Des abonnements bradés à moins 50% ou 70%, il ne s’agit pas d’une promotion du black friday mais bien d’une stratégie marketing mise en place par plusieurs grands médias comme L’Express ou La Croix. Seule condition pour bénéficier de ces prix au rabais ? S’abonner avec son compte Google en cliquant sur un simple bouton. Lancée en 2018 et implémentée par des médias français en 2020, la fonctionnalité « S’abonner avec Google » permet de s’abonner rapidement et facilement à ses médias préférés, à lire l’entreprise américaine. Cette fonctionnalité évite à l’abonné·e de remplir un formulaire et peut lui éviter d’entrer ses coordonnées bancaires si celles-ci sont déjà liées à son compte.

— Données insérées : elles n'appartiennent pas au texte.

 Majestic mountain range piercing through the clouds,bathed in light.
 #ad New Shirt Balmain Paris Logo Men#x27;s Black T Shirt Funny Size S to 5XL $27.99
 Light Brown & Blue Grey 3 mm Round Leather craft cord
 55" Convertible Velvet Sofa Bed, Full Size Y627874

Capture d’écran de la page abonnement du Monde

Ce gain de temps faciliterait et encouragerait l’abonnement, défend Google. « Grâce à ce dispositif, les éditeur·ices peuvent augmenter leur nombre d'abonné·es et accroître le taux de transformation [le nombre de personnes qui ont souscrit à un abonnement après avoir été sensibilisées à cette offre, NDLR] », reconnaît Nikos Smyrnaios, Professeur en sciences de l’information et de la communication à l’université Paul Sabatier, à Toulouse. Au-delà de cette simple fonctionnalité, Google a mis en place des stratégies marketing avec certains médias en proposant des réductions aux lecteur·ices qui s'abonnent via leur compte. Ainsi, pendant un an, l’offre numérique de Libération passe de 119 euros à 36 euros par an et celle du Monde de 10 euros 99 à 5,49 euros par mois

Des accords bilatéraux 

Depuis 2020, les abonnements numériques augmentent et constituent pour certains grands médias plus de la moitié de leurs abonnements, selon le dernier baromètre de la diffusion de l’Alliance de la presse d’information générale. Sans que cela ne coûte plus cher aux éditeur·ices, le partenariat proposé par Google leur permet d’accroître leur nombre d’abonné·es en simplifiant les démarches mais aussi en proposant un prix réduit. « Google abonde le différentiel » entre le prix initial et le prix au rabais, précise Laurent Mauriac, coprésident du Syndicat de la presse indépendante d’information en ligne (Spiil) et Rédacteur en chef du média en ligne Brief.me

Si Google communique publiquement au sujet de l’implémentation du bouton « S’abonner avec Google », l’entreprise ne dit rien des conditions de partenariat avec certains médias qui proposent leur abonnement à prix réduit. Ces accords sont bilatéraux et les conditions requises restent opaques. Contacté à ce sujet, Google affirme auprès de Médianes avoir « mis en place des partenariats avec quelques éditeurs pour les aider à optimiser leur utilisation de l'outil dans le but de faire évoluer [notre] produit afin qu'il corresponde aux attentes des éditeurs et des lecteurs » (sic).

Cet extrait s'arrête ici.